River dominó buena parte del primer tiempo y buscó abrir el marcador a través de Driussi, Thiago Almada y Ángel Correa, que generaron situaciones y estuvieron cerca de quebrar la resistencia del arquero colombiano Weimar Asprilla. Sin embargo, el gol no llegaba.

Del otro lado, Independiente Santa Fe jugó con paciencia. Se plantó en el Monumental dispuesto a resistir, esperar y aprovechar cualquier error del conjunto argentino. Y River, como viene ocurriendo en varios partidos, convivió con esa sensación de fragilidad que aparece incluso cuando parece tener el control.
El primer tiempo se fue sin goles y dejó una mezcla de ansiedad y preocupación entre los hinchas, que acompañaron al equipo durante los 45 minutos iniciales, pero comenzaron a sentir el peso de otra noche que se complicaba.
El desahogo de Driussi y un golpe que volvió a cambiarlo todo
El alivio llegó apenas comenzó el segundo tiempo. Montiel apareció por la derecha y lanzó un centro preciso al área. Sebastián Driussi anticipó y empujó la pelota al fondo de la red para marcar el 1-0.
El Monumental explotó. Fue un grito de desahogo, alivio y esperanza. River había conseguido finalmente romper el cero y parecía encontrar el camino hacia los cuartos de final. Pero la tranquilidad duró poco.
El cierre del partido volvió a mostrar las dudas de un equipo incapaz de sostener una ventaja. Primero apareció Santiago Beltrán con una intervención decisiva que evitó el empate.
Sin embargo, poco después llegó una mano de Martínez Quarta dentro del área, el árbitro sancionó penal y Fagúndez no perdonó. Con apenas diez minutos por jugar, la serie volvió a quedar igualada.
River intentó reaccionar, pero no encontró el camino. La tensión fue creciendo y el tiempo se consumió hasta que la clasificación quedó en manos de los penales.
Beltrán fue héroe, pero no alcanzó
La definición desde los doce pasos fue interminable y dramática. Santiago Beltrán se convirtió rápidamente en una de las figuras de la noche al atajar tres penales. Cada intervención parecía acercar a River a la clasificación. Pero el equipo no logró aprovechar esas oportunidades.
Las fallas de Rafael Borré, Lucas Martínez Quarta y del propio Beltrán, sumadas a la efectividad de los futbolistas colombianos, terminaron inclinando la balanza.
El resultado final fue 8-7 para Independiente Santa Fe, que celebró una clasificación histórica en el Monumental y dejó a River sumido en una nueva decepción.
Una eliminación que profundiza las dudas
La caída llega en uno de los momentos más delicados de River.

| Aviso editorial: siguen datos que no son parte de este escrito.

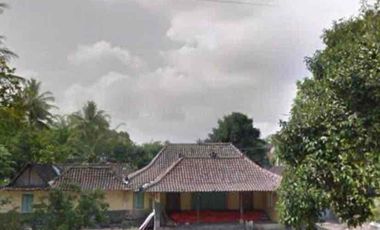 Disewakan tanah plus joglo lawas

El equipo venía de desperdiciar una ventaja de dos goles ante Vélez para terminar empatando 2-2 y ahora sufrió un nuevo golpe en su principal objetivo internacional.

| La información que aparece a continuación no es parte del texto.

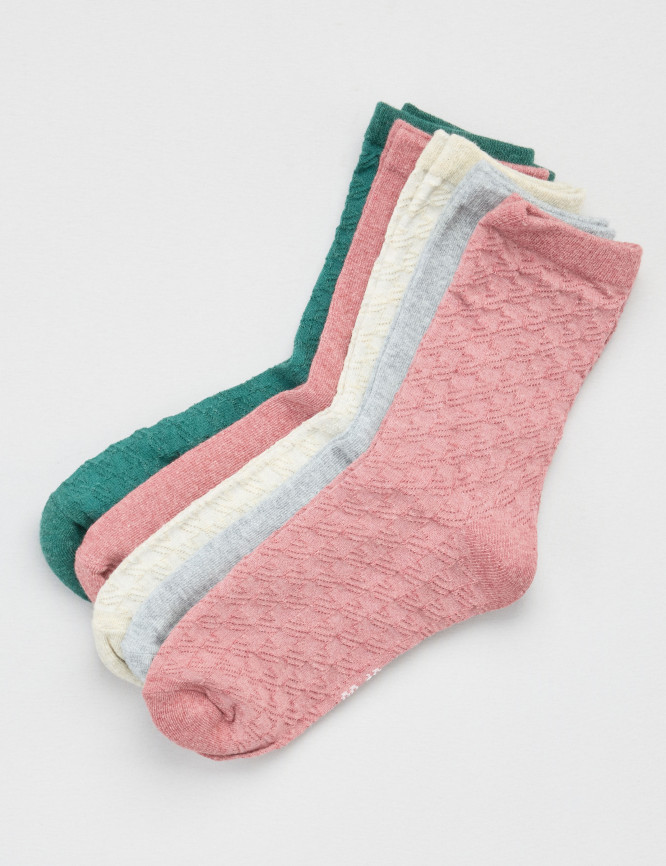 Laid Goods Back View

La eliminación de la Copa Sudamericana deja al conjunto de Coudet sin margen para seguir acumulando frustraciones.
El Monumental, que durante gran parte de la noche empujó y sostuvo al equipo, terminó siendo escenario de una despedida dolorosa.
River tuvo la clasificación en sus manos. Incluso contó con un arquero que atajó tres penales en la tanda. Pero ni siquiera eso fue suficiente.
Otra noche, otra ventaja desperdiciada y otra frustración. Independiente Santa Fe festejó en Núñez y River volvió a quedar atrapado en su propia inercia negativa.